The Harvard men’s hockey team’s 2010-2011 campaign is the tale of two seasons.
But for the first 22 games, it was just the worst of times.
After an abysmal 4-18 start, the pieces finally fell in place for the Crimson (12-21-1, 7-14-1 ECAC), which went 8-3-1 the rest of the way. The team’s late-in-the-season hot streak propelled it into the ECAC quarterfinals, where Harvard’s season ended in a loss to Dartmouth in a best-of-three series.
“We didn’t get a lot of momentum early on, and that obviously hurt us,” sophomore forward Marshall Everson said. “We had a couple bad losing streaks, but the last eight or nine games, I thought we played pretty well…We came together late, and we started to play our style of hockey.”

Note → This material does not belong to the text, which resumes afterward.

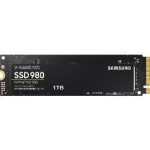 980 NVMe M.2 SSD 1000GB SAMSUNG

The season didn’t yet turn south for the first few games. Though Harvard fell to No. 15 Union, 2-1, in the year’s first contest, the Crimson responded with an upset over No. 18 Rensselaer and a win at St. Lawrence.
That’s when things started to fall apart. Harvard didn’t win another contest for nearly two months, and the next league victory didn’t come until another month after that. In the seven-game losing streak, the Crimson was outscored, 28-11.
Harvard hit rock-bottom in back-to-back 8-2 and 5-2 losses to Dartmouth.
“We played [Dartmouth] where…we were in one of those ruts that we went through, and it showed,” Everson says. “[Dartmouth’s] confidence took over in both of those games.”
A 4-2 win over Army on New Year’s Day ended the Crimson’s skid. But the next day, Harvard fell to Vermont, beginning yet another seven-game losing streak. And other than the lone 6-2 victory against Colgate, the worst team in the ECAC, Harvard didn’t win again until Feb. 14.
But in a one-week span in February, the Crimson managed to turn its season around.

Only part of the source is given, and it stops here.